The barn-storming antics, while based on reality, was also familiar to most audience members of the film, as the same playfulness, and razzle-dazzle shown by The Bingo Long Traveling All-Stars & Motor Kings was practiced by the well-known Harlem Globetrotters, who's history in basketball is almost a direct parallel to the racism of the baseball leagues.
In this film, Richard Pryor portrayed two characters; Charlie Snow, who also impersonated a Cuban named "Carlos Nevada", as well as a Native American Indian named "Chief Takahoma". Pryor played three roles in Which Way Is Up? (1977).

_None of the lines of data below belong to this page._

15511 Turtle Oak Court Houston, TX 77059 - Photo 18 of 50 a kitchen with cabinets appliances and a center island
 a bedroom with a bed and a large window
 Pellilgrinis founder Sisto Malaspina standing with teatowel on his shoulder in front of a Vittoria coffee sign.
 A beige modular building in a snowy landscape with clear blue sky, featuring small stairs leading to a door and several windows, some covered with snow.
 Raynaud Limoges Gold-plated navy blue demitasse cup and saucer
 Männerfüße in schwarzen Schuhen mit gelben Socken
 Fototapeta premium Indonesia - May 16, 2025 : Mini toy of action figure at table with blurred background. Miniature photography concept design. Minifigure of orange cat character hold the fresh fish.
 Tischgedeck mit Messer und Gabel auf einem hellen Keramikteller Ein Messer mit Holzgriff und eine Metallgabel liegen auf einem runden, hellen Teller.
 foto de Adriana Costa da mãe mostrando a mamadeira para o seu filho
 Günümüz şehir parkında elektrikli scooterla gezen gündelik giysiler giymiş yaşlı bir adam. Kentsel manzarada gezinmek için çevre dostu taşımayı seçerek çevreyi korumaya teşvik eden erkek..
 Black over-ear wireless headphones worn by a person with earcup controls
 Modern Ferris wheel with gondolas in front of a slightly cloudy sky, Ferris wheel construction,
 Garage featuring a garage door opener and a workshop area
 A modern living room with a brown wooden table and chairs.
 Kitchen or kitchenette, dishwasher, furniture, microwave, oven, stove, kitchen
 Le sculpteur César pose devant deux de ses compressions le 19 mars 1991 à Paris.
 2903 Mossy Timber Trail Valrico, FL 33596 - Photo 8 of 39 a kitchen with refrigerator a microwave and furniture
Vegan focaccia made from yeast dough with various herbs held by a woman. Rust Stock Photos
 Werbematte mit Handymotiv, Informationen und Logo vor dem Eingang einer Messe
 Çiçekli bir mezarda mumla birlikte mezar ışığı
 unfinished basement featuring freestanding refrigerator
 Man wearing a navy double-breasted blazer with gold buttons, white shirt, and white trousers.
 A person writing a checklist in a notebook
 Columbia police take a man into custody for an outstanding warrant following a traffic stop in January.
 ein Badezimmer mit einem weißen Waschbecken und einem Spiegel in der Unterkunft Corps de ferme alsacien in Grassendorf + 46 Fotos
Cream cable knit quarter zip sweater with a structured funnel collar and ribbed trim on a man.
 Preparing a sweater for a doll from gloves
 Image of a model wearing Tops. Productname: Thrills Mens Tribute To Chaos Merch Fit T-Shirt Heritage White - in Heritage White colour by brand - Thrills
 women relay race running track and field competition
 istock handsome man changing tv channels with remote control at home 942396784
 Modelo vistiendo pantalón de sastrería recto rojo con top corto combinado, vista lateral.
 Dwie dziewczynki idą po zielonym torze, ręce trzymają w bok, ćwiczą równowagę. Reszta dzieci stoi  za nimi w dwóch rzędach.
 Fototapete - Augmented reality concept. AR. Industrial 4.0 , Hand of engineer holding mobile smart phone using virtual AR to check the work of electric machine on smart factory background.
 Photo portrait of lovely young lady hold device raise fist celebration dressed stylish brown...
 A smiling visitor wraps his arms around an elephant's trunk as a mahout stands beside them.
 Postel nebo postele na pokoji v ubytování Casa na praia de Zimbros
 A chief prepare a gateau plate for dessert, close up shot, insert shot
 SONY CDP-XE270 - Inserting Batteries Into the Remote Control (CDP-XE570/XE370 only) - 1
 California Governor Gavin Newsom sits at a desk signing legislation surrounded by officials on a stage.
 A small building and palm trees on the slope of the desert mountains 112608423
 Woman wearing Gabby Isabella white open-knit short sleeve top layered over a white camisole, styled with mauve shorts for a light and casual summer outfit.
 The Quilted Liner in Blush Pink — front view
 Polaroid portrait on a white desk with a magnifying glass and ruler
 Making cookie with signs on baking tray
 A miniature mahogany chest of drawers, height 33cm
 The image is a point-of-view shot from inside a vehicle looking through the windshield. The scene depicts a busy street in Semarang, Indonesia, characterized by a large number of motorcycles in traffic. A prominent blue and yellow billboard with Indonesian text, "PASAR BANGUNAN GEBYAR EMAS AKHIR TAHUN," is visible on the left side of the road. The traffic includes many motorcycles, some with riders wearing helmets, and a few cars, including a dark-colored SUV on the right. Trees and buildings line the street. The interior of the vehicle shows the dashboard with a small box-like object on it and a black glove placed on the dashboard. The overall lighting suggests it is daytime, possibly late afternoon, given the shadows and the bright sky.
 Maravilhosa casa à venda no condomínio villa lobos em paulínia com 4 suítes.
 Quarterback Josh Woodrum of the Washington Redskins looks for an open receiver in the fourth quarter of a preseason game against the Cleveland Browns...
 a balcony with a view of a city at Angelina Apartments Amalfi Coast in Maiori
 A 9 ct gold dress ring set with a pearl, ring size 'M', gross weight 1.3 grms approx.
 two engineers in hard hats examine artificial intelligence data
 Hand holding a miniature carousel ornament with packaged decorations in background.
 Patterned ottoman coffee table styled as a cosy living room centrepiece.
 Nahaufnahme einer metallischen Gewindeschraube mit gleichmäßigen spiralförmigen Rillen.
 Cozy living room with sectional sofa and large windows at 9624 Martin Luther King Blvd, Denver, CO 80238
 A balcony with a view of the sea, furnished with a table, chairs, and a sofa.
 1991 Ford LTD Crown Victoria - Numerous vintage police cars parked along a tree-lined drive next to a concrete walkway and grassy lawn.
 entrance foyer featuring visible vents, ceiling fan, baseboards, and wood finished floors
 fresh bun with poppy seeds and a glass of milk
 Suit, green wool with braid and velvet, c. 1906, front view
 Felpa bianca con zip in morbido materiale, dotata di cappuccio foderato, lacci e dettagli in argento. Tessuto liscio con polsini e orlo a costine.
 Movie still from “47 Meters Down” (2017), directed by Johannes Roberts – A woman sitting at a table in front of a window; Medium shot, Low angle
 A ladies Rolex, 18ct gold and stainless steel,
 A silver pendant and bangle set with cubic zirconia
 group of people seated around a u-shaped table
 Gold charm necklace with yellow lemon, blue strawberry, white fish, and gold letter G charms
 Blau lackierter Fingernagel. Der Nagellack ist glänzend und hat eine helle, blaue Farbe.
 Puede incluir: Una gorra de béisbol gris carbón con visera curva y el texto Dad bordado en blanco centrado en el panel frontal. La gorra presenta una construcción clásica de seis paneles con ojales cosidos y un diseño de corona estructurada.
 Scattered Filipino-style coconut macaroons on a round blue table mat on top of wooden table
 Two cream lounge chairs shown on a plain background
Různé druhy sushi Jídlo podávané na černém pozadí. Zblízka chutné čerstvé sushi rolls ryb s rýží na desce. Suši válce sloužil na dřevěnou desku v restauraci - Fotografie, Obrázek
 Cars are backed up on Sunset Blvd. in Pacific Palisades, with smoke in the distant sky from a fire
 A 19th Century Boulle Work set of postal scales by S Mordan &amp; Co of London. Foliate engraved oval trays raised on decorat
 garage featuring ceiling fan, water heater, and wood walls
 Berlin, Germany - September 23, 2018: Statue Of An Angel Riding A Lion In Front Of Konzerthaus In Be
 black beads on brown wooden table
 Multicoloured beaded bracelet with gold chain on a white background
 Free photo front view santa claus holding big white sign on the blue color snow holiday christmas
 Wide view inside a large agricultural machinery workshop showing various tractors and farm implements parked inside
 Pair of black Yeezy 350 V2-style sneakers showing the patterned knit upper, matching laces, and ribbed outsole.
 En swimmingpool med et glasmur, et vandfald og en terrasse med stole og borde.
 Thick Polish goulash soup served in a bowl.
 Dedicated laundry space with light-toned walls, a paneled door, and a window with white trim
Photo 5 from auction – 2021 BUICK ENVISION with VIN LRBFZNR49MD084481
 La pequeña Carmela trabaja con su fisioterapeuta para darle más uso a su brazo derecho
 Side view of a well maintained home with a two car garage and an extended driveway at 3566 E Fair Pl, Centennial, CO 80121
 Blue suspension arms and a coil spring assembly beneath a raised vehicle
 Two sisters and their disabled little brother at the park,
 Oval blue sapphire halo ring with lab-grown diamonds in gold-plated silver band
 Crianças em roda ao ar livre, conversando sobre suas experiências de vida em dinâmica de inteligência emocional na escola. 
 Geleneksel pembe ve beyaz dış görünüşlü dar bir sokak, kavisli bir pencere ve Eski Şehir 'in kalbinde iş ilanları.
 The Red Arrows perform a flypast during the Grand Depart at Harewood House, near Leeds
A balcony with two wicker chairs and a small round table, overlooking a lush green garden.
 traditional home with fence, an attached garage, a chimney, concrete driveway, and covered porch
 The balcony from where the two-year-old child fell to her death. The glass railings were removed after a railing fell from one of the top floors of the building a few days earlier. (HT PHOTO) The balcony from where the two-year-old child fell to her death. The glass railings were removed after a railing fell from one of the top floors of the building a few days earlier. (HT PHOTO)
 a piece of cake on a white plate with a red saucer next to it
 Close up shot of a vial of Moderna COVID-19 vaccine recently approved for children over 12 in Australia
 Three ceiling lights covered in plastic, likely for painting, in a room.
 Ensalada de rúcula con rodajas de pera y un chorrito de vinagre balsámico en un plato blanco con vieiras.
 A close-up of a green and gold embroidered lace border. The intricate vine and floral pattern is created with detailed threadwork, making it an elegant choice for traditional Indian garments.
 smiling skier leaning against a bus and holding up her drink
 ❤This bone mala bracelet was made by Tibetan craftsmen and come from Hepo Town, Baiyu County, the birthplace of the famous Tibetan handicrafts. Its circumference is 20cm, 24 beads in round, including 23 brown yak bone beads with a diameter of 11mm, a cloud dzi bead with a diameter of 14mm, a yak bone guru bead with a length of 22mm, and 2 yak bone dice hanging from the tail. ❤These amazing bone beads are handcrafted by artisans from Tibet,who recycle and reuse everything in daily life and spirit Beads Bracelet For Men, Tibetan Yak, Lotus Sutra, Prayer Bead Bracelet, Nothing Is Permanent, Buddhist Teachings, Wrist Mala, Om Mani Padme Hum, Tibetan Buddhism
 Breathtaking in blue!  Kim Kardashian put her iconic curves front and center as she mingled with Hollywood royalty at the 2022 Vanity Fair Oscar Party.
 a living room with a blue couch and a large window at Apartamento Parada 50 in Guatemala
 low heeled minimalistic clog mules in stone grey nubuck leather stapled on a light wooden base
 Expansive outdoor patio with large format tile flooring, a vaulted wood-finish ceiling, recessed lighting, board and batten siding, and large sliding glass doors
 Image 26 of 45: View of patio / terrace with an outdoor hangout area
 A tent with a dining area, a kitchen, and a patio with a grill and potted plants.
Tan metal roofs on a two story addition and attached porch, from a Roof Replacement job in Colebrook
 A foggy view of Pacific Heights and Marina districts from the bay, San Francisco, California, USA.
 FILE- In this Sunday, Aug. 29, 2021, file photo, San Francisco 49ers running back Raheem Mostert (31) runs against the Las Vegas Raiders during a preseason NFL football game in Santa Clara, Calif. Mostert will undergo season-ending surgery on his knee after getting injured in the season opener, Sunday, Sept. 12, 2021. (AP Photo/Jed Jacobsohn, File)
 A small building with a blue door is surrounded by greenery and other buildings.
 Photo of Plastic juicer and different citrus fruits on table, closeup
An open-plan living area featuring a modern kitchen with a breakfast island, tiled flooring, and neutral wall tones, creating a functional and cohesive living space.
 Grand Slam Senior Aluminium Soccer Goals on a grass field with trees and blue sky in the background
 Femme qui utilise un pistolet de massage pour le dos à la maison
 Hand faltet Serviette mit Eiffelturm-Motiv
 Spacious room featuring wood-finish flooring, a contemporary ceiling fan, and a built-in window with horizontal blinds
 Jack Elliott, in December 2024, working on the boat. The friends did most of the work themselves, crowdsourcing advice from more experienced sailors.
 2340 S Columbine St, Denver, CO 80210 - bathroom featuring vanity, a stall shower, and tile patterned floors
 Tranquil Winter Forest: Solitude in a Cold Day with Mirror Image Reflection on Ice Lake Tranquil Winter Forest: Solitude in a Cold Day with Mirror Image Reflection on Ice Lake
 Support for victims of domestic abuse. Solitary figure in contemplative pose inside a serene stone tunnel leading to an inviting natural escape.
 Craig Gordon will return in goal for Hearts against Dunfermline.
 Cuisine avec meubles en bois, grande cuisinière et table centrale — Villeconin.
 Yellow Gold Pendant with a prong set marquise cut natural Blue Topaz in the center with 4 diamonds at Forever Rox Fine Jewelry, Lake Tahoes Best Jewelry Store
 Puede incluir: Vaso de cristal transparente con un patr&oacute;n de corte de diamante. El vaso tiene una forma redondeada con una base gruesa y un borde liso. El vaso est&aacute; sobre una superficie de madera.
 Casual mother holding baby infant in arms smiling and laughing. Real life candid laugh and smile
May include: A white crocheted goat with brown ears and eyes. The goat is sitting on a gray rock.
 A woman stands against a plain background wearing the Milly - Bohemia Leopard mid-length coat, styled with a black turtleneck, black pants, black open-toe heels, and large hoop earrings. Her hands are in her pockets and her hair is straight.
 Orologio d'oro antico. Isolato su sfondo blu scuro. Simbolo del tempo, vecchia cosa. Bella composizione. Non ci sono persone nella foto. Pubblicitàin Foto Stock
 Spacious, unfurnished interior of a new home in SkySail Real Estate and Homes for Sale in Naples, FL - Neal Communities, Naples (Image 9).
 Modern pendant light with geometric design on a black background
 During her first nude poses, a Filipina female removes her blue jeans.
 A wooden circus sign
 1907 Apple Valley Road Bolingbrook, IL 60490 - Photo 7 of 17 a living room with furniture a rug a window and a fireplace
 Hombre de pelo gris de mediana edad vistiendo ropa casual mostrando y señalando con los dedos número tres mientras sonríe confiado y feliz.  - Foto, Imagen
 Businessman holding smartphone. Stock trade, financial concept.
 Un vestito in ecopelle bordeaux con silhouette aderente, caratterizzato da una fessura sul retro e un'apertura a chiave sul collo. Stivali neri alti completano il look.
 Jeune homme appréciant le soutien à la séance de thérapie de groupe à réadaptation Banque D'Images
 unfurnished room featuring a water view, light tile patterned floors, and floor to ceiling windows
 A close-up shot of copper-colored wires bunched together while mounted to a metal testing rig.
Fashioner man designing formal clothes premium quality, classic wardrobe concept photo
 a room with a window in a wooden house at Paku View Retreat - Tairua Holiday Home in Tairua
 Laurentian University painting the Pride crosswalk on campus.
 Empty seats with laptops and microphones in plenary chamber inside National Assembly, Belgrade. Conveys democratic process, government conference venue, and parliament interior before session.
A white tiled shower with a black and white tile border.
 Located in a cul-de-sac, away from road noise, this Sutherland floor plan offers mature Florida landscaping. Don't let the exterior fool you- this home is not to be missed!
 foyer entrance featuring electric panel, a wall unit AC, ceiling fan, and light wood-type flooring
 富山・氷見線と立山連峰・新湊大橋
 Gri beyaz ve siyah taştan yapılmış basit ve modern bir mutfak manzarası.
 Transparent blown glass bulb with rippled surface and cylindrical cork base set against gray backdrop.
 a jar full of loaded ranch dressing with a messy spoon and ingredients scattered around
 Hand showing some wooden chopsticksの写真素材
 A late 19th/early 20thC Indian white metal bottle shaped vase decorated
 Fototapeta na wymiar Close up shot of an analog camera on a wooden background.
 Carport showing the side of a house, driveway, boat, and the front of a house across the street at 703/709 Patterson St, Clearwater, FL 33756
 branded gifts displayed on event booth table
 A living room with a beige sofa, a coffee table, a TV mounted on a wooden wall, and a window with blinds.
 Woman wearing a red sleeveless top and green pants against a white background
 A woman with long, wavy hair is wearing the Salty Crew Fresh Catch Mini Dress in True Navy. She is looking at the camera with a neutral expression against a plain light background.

James Earl Jones and Billy Dee Williams share names which contain a middle name, as well (Mr. Williams actual middle name is "December", but shortened for his professional name). Both use their full name as the screen union(s) (SAG and AFTRA used to be seperate unions) would not allow more than one actor to use a (full) name, and as there were a "James Jones", and a "Billy (or William) Williams", it enabled them both to legitimately keep their given names, professionally.
The first black major league player was in 1905 and whom they passed off to be a Puerto Rican , but didn't speak a word of Spanish! Richard Pryor took that historical character into one of his in the movie, saying he was a Cuban who wanted to play in the majors!